* DATA IN THIS EXERCISE
»»
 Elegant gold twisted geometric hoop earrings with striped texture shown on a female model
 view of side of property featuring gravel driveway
««
»»
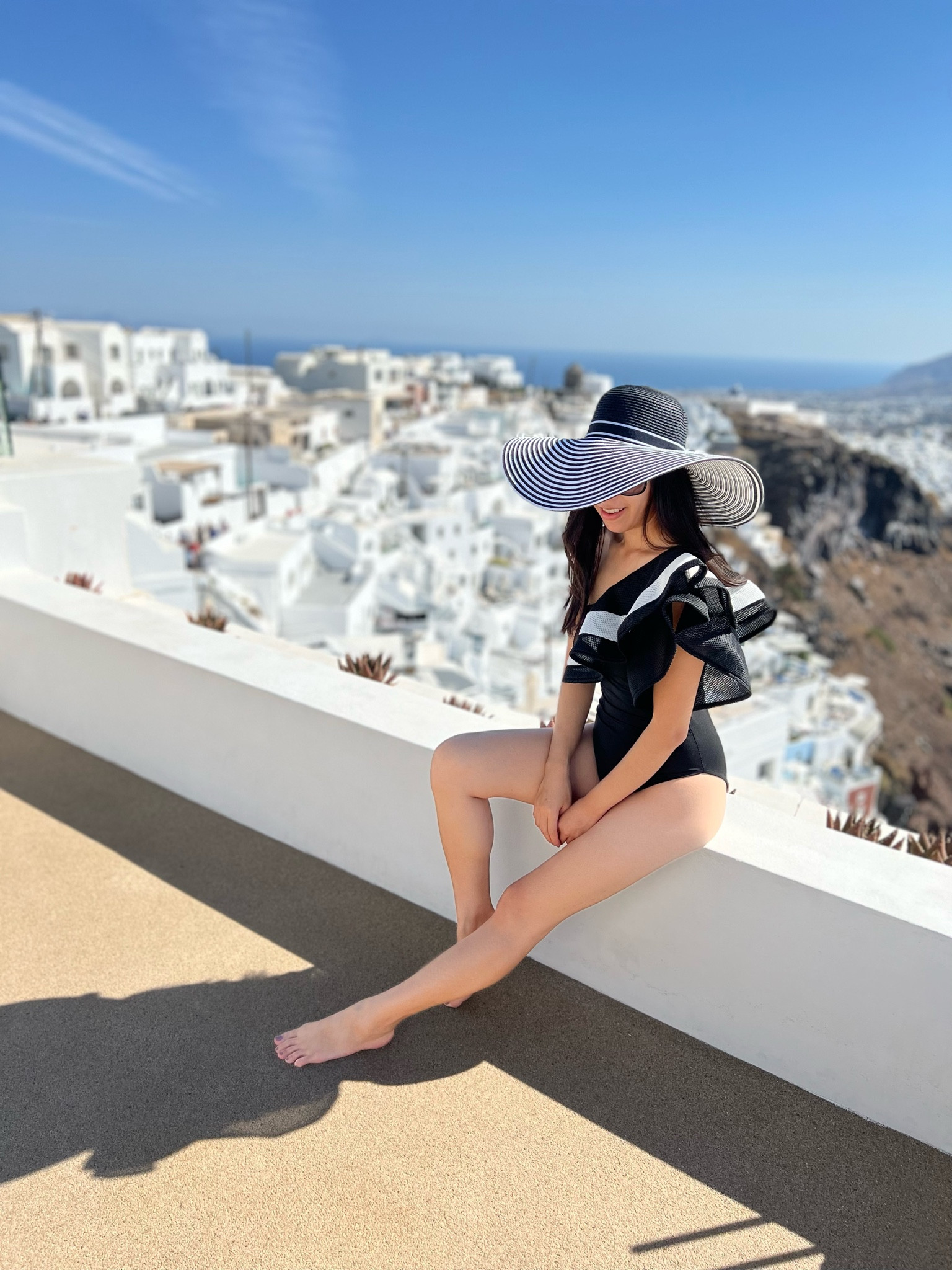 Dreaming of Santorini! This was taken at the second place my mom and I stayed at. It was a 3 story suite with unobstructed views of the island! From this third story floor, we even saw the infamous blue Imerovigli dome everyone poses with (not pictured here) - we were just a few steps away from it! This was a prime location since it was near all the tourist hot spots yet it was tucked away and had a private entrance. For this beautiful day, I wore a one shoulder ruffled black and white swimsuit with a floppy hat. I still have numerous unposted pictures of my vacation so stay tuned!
««
»»
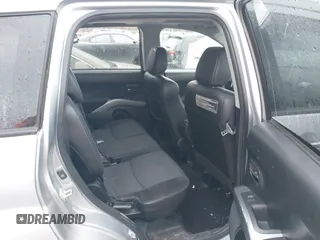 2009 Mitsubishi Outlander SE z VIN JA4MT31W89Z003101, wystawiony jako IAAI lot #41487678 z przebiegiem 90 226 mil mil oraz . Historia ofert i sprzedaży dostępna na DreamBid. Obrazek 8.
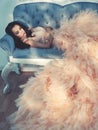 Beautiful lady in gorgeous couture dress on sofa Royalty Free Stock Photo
««
* WHAT YOU WILL DO
Copy exactly the lines of the entries above from the one containing "2009 Mitsubishi Outlander" through the one containing "Beautiful lady in". Both end lines count; pictures do not.

* ANSWER TO THIS TASK
 2009 Mitsubishi Outlander SE z VIN JA4MT31W89Z003101, wystawiony jako IAAI lot #41487678 z przebiegiem 90 226 mil mil oraz . Historia ofert i sprzedaży dostępna na DreamBid. Obrazek 8.
 Beautiful lady in gorgeous couture dress on sofa Royalty Free Stock Photo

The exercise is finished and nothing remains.